A novel data-driven learning scheme for H-infinity control of adaptive cruise control systems accurately resolved the Riccati equation online without neural network approximation errors.
A novel data-driven learning technique for H_infinity control in adaptive cruise control systems improves accuracy by avoiding neural network approximation errors.
This paper develops a novel adaptive H_ control scheme for adaptive cruise control (ACC) system via the data-driven learning. In the proposed technique, a continuous time ACC system is first constructed with unknown system dynamics. To estimate the unknown system dynamics, an adaptive estimator is then formulated utilizing the vectorization and Kronecker's products operations, enabling the reconstruction of the unknown system dynamics through the detectable input/output information. An adaptive law is utilized to ensure the convergence of the estimated parameters. Moreover, a data-driven learning technique is employed to resolve the constructed Riccati equation in an online manner. To accomplish this, the Riccati equation is reformulated via the Kronecker's products by using another adaptive law, whose convergence can be also effectively guaranteed. Unlike existing neural network-based approximate dynamic programming (ADP) algorithms, the data-driven learning scheme proposed in this paper does not involve neural network approximation errors, so the solution is relatively more accurate. Finally, simulation and experimental verification results are provided to verify the effectiveness of the presented H_ control and data-driven learning algorithm.

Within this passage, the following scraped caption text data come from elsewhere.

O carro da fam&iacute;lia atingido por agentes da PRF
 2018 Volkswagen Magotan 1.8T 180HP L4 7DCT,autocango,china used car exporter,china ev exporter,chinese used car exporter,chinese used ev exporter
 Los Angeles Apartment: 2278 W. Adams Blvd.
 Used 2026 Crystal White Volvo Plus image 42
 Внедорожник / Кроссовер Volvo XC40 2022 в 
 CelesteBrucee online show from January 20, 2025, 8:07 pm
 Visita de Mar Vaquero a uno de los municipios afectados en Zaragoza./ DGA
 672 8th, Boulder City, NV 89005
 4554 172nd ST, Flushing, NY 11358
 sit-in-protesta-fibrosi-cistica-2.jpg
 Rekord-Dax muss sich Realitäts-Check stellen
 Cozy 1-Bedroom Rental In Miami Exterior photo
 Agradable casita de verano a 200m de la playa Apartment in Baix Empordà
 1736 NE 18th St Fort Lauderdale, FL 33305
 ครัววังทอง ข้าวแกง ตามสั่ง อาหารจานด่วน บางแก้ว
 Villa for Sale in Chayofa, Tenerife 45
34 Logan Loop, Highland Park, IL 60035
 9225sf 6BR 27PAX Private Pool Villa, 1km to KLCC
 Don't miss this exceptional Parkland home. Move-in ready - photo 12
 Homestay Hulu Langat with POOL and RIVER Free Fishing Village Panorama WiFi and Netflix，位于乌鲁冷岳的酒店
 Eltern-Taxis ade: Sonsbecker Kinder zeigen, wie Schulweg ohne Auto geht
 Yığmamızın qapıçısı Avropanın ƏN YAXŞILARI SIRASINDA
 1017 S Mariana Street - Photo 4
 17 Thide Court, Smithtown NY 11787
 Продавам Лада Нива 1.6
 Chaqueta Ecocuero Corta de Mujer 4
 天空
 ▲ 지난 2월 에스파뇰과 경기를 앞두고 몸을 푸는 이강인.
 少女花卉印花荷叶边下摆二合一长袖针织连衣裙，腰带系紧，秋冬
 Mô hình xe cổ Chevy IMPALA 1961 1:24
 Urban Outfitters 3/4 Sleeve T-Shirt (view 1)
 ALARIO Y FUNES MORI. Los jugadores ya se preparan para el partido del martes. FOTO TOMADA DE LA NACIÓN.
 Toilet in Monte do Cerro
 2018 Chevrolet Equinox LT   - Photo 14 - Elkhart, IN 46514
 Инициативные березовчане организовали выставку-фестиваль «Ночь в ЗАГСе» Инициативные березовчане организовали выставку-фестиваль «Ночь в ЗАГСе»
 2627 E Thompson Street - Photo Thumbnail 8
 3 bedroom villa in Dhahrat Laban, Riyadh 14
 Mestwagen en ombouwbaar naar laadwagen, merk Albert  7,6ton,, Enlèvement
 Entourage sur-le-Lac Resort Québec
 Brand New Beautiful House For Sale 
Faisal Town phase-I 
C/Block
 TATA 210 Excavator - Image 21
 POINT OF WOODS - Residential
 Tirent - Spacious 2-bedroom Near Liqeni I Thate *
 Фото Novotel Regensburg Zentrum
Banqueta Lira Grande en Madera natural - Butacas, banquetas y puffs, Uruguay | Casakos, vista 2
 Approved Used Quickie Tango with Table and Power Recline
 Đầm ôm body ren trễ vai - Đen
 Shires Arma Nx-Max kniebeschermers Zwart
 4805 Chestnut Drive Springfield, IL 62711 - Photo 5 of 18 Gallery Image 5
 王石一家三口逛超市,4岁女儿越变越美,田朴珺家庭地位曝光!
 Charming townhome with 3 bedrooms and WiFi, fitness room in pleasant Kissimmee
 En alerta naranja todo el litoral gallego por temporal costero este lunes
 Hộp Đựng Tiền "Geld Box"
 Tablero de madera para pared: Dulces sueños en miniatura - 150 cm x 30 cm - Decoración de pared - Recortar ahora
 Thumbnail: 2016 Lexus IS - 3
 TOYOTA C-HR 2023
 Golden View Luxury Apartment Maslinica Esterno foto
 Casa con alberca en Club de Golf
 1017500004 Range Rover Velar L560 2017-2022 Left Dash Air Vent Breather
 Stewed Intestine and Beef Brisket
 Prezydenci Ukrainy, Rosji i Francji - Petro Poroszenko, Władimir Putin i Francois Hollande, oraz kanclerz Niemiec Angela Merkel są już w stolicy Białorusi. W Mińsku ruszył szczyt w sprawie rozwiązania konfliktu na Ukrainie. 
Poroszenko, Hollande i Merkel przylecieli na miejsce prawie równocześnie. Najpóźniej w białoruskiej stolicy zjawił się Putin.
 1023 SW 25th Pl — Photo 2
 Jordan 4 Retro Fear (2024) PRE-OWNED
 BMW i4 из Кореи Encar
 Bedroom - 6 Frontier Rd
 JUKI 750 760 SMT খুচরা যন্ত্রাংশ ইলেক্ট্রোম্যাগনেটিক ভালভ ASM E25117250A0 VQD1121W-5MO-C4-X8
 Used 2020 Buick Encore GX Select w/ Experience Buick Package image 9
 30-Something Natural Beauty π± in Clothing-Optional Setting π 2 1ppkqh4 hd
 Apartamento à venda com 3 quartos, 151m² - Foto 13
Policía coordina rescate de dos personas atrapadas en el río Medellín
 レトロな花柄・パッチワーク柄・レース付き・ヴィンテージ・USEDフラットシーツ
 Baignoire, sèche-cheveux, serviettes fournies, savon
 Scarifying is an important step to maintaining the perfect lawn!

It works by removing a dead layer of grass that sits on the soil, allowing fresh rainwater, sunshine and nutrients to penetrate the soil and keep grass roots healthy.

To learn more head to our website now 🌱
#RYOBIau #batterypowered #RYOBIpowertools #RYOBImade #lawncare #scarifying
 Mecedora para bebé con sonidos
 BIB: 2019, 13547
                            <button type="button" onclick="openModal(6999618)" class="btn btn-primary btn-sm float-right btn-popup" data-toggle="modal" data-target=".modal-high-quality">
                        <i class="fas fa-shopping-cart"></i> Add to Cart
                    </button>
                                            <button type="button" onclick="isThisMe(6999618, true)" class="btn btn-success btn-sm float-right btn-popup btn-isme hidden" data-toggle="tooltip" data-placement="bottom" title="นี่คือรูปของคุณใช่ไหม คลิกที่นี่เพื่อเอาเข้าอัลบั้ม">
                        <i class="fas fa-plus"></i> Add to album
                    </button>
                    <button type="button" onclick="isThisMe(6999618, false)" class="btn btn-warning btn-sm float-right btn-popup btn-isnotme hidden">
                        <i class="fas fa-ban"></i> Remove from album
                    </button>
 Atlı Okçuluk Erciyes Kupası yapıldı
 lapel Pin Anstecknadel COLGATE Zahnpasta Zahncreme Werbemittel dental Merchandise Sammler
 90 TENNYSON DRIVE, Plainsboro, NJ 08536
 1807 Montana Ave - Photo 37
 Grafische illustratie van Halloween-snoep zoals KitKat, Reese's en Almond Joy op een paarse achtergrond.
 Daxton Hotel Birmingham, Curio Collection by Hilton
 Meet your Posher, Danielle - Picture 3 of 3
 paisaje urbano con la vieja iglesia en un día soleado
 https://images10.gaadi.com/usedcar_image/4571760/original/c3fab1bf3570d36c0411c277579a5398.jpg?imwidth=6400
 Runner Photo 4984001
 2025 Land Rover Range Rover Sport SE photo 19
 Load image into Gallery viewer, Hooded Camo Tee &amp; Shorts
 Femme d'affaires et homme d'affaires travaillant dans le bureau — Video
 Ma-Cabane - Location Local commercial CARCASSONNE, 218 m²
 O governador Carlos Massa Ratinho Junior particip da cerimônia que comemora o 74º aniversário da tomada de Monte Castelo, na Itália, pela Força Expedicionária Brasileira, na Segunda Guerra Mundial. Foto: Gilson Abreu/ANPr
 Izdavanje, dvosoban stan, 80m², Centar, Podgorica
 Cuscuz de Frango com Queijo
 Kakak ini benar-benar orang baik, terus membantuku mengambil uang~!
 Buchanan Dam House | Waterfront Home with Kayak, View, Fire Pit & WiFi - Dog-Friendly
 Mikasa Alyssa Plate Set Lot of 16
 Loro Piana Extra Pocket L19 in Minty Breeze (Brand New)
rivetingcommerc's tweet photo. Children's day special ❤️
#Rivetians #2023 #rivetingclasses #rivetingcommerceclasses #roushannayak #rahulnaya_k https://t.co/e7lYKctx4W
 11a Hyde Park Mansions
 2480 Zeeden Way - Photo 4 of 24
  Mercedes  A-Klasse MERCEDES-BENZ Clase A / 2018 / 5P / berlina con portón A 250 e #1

Zhao et al. (Wed,) conducted a other in Adaptive cruise control (ACC) systems. Data-driven learning for H-infinity control scheme vs. Existing neural network-based approximate dynamic programming (ADP) algorithms was evaluated on Convergence of estimated parameters and resolution of Riccati equation. A novel data-driven learning scheme for H-infinity control of adaptive cruise control systems accurately resolved the Riccati equation online without neural network approximation errors.